Einstein became a Zionist partially through his familiarity with [Chaim] Weizmann. He is also an enthusiastic social democrat, a movement in which his childhood friend Dr. Friedrich Adler plays a large role. Einstein told me he feels that without socialism — a democratic, peaceful socialism — it will be impossible to create any enduring world structure nor a lasting peace.
He made that statement when turning to discuss the atom bomb in which he had a large role at its start. As is known, in 1939, Einstein along with several other scientists turned President Roosevelt’s attention to Germany’s serious activities in creating an atomic bomb. They told Roosevelt that America had to surpass the Germans.
Although Einstein’s relativity theory formed the basis for the discovery of atomic power, Einstein said he had nothing to do with the development of the atom bomb between 1941 and 1945. However, he did help the government several times during the war regarding other “military-scientific” questions, he said.
How does he feel currently regarding the atom bomb? With a genuine shiver he explains: It pains him that such a powerful weapon was created to do harm.
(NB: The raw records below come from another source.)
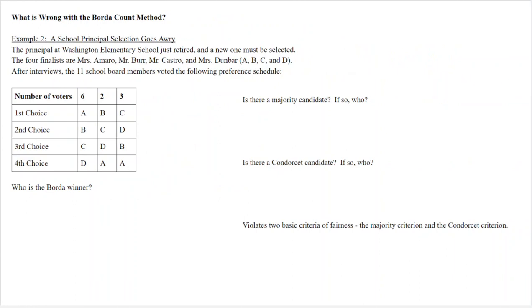Now what are the issues with the Borda Count? Every method has some issues. Consider this scenario: the principal at Washington Elementary School just retired and a new one must be selected. The four finalists are Miss Amaro, Mr. Burr, Mr. Castro, and Miss Dunbar, abbreviated A, B, C, D. After interviews, the eleven school board members vote on a preference schedule, and we want to find the Borda winner using the same method as before.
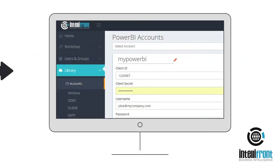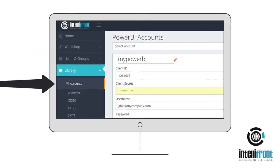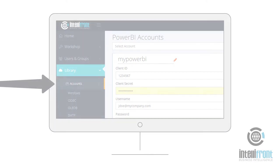Go to the Library Accounts Power BI tab and follow the app authorisation instructions. Then just enter your login details to seamlessly integrate one or more Power BI accounts.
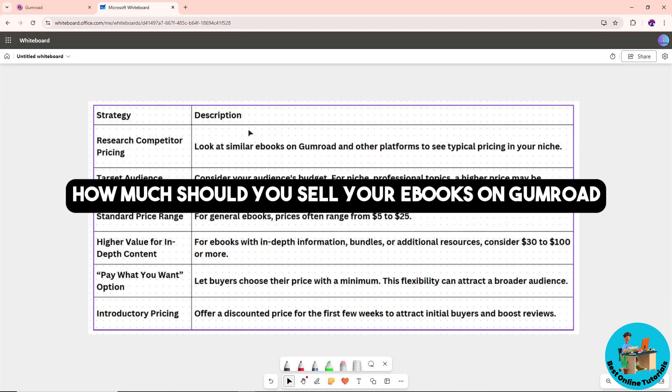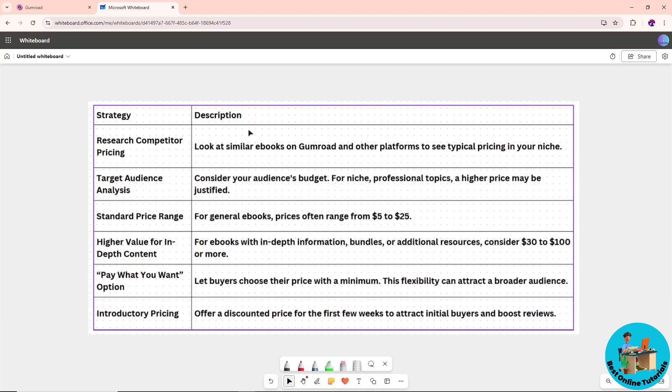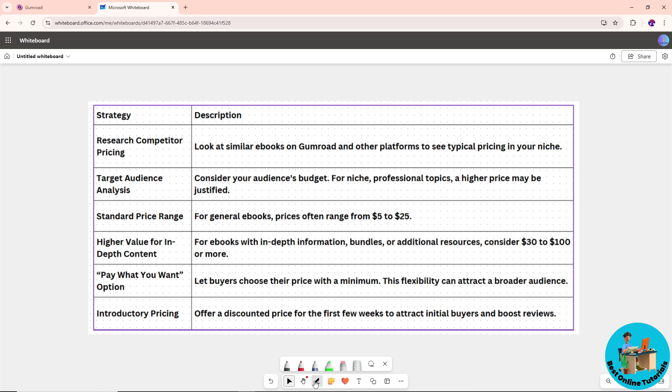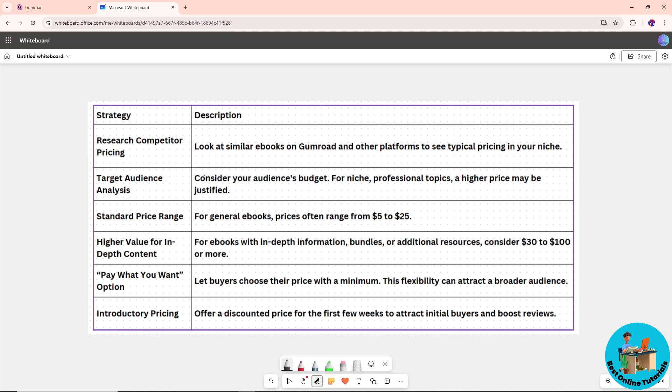Hey guys, this is about how much you should sell your ebooks on Gumroad. I made this table so we can have a better discussion. The first thing you should consider is competitor pricing. Simply look at similar ebooks on Gumroad and see the typical pricing in your niche.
The new gathering of nations — the United Nations — must transform itself into a governing world body in order to be truly effective in the era of atomic energy, Einstein says.
He speaks sorrowfully that mankind first came to know the wonder of atomic energy through the angel of death. Einstein says atomic power can be so useful, that it can ease mankind’s labors, it can bring healing to the world and bring together disparate peoples. And yet instead it’s being used by world leaders to divide people.
The author of the theory of relativity doesn’t consider himself a specialist on the subject of atomic science. But he knows more about it than the average person. How can he explain such hard-to-fathom notions such as that the solid chair a person sits on is, practically speaking, completely empty — having nearly nothing within it apart from millions and millions of infinitesimal planets spinning around millions and millions of minute suns?
It’s not hard to comprehend, Einstein said. When we look with our eyes at a bit of the wood of the chair, we see one thing. When we look, however, through a microscope, we already can see that the simple shard of wood is composed of many parts. We can understand that if we had even more powerful microscopes or other apparatus of that sort, we’d see even more remarkable things in this chair that cannot be seen by the naked eye.
Atomic scientists don’t yet have the strongest apparatus in order to see the goings on at the heart of the chair, so in the meantime they bear down on them with the apparatus of their minds and other machines that allow for a hint at what the atom is likely to contain.
Einstein said it is very possible that current notions of the atom are rudimentary. We’re at the beginning of understanding what might exist. He constantly dreams of getting closer to the truth. In the last few years, he’s been at work on a unified field theory that takes into account everything in nature, including every kind of energy. He told me he has just published a paper in a mathematical journal and expresses the hope that in the next few years his theory will be accepted. If he proves this, it will be an even greater achievement than relativity.
“I am, however, not sure I’m on the right path,” he said in his usual manner.
But he is sure of one thing — the imperative of uniting people in the struggle for a world governing body. Each government must use its power to save humanity, he said. The moral energy must stand against egoistic motives if we wish to protect our generations from atomic destruction.